What needs to be done: Copy each record below faithfully, leaving out images.

Records shown:
==========

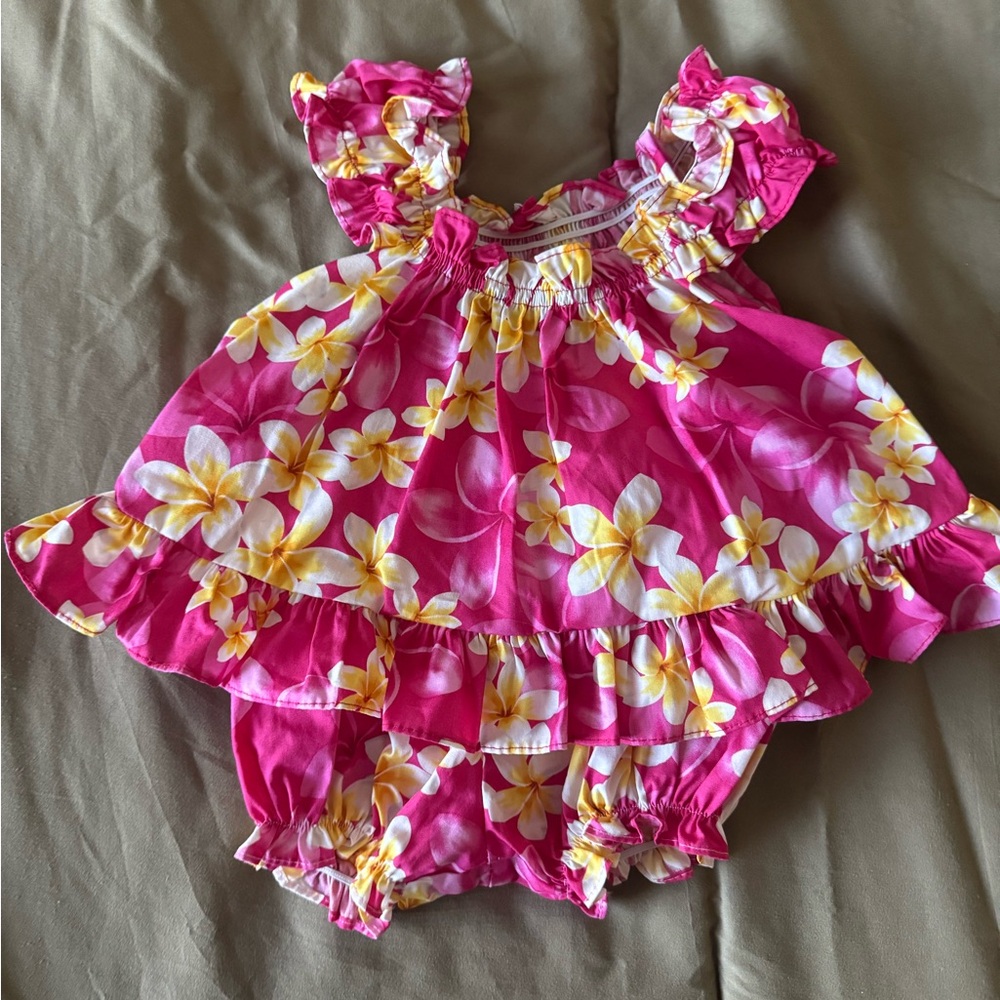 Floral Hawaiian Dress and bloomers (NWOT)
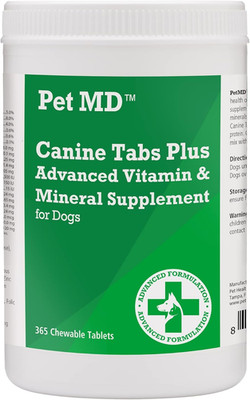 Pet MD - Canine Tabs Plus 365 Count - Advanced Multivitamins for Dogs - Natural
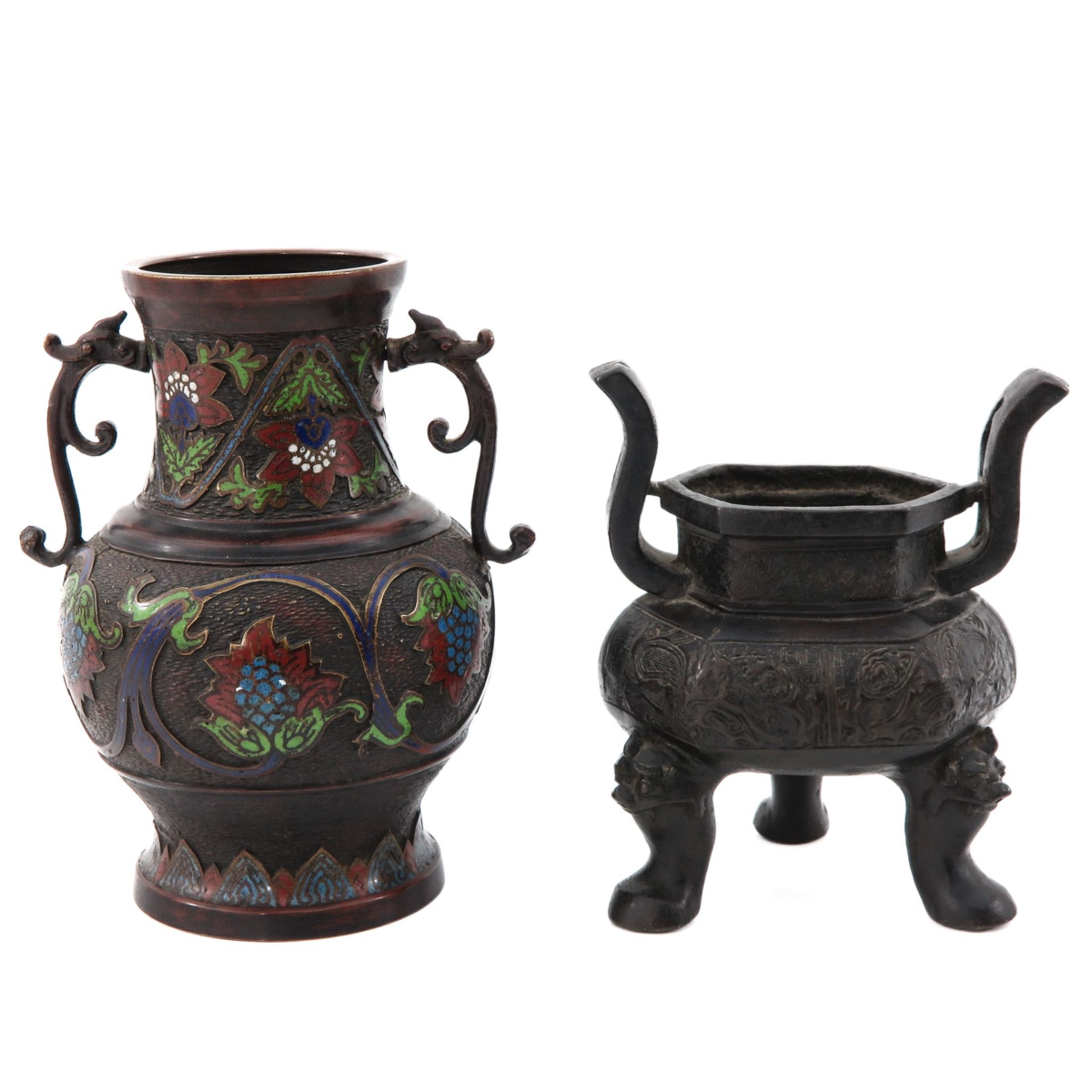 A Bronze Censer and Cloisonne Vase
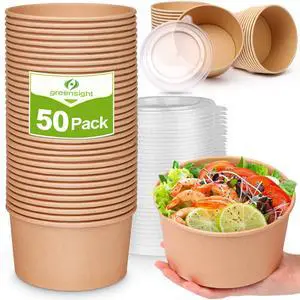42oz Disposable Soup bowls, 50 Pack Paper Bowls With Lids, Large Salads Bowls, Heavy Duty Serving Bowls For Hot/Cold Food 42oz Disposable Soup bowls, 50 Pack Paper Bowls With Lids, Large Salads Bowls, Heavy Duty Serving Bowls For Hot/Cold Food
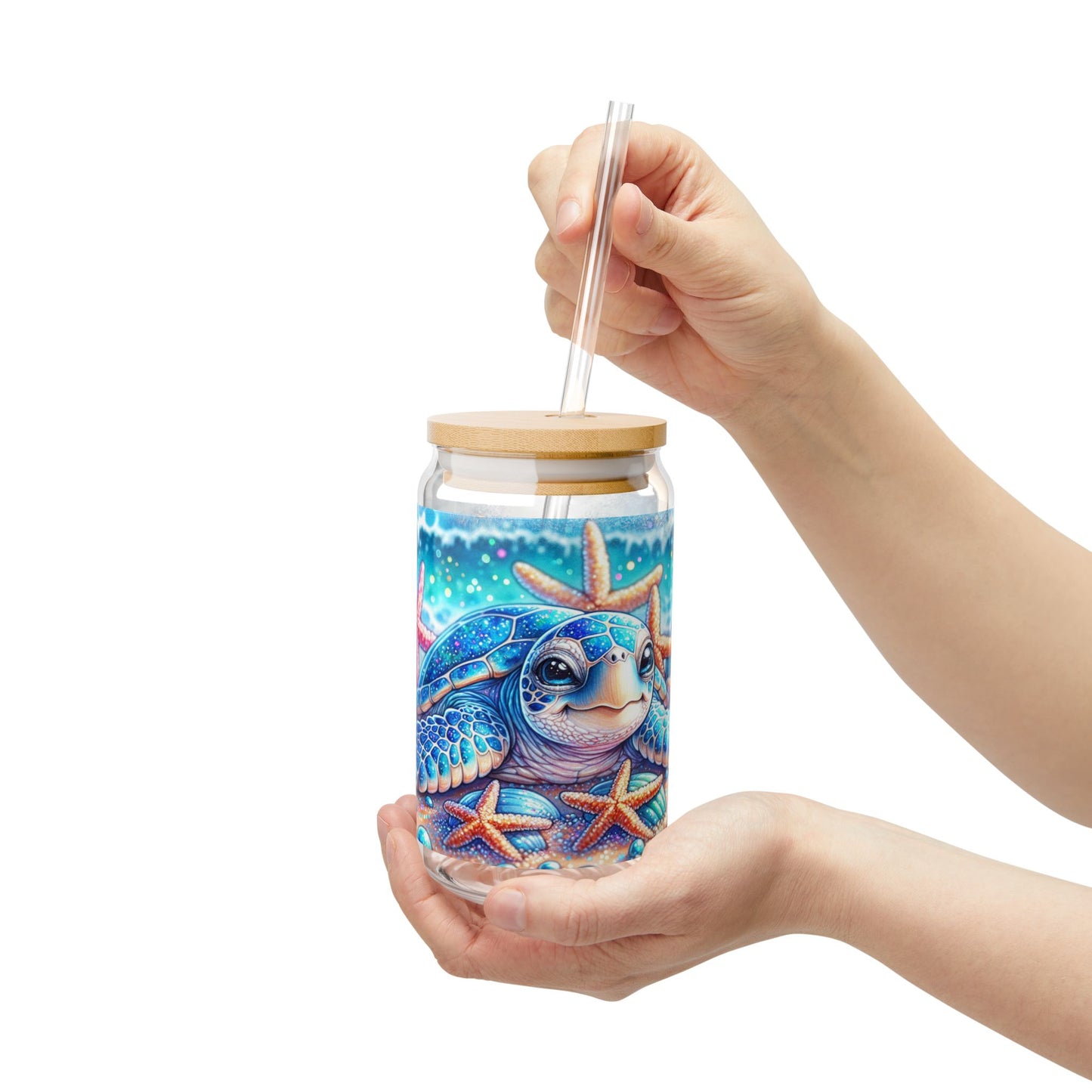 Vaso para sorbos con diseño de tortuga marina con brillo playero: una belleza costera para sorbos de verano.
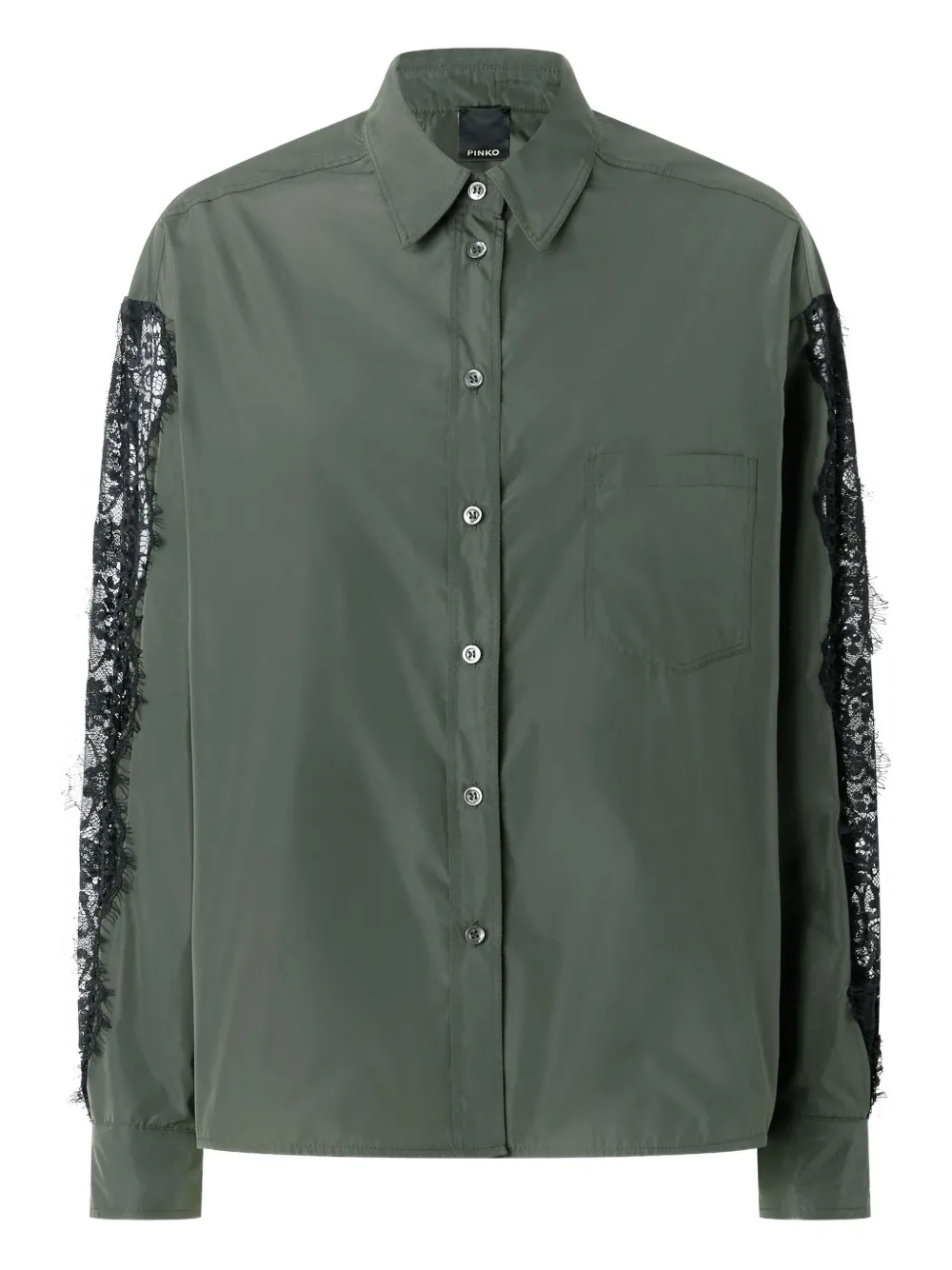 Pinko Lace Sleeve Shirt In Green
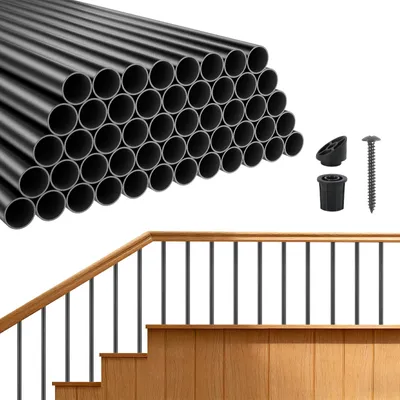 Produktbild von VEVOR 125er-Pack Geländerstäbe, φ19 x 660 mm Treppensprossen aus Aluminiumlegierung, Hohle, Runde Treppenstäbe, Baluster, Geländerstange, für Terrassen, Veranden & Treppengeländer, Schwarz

==========

Answer box:
 Floral Hawaiian Dress and bloomers (NWOT)
 Pet MD - Canine Tabs Plus 365 Count - Advanced Multivitamins for Dogs - Natural
 A Bronze Censer and Cloisonne Vase
42oz Disposable Soup bowls, 50 Pack Paper Bowls With Lids, Large Salads Bowls, Heavy Duty Serving Bowls For Hot/Cold Food 42oz Disposable Soup bowls, 50 Pack Paper Bowls With Lids, Large Salads Bowls, Heavy Duty Serving Bowls For Hot/Cold Food
 Vaso para sorbos con diseño de tortuga marina con brillo playero: una belleza costera para sorbos de verano.
 Pinko Lace Sleeve Shirt In Green
 Produktbild von VEVOR 125er-Pack Geländerstäbe, φ19 x 660 mm Treppensprossen aus Aluminiumlegierung, Hohle, Runde Treppenstäbe, Baluster, Geländerstange, für Terrassen, Veranden & Treppengeländer, Schwarz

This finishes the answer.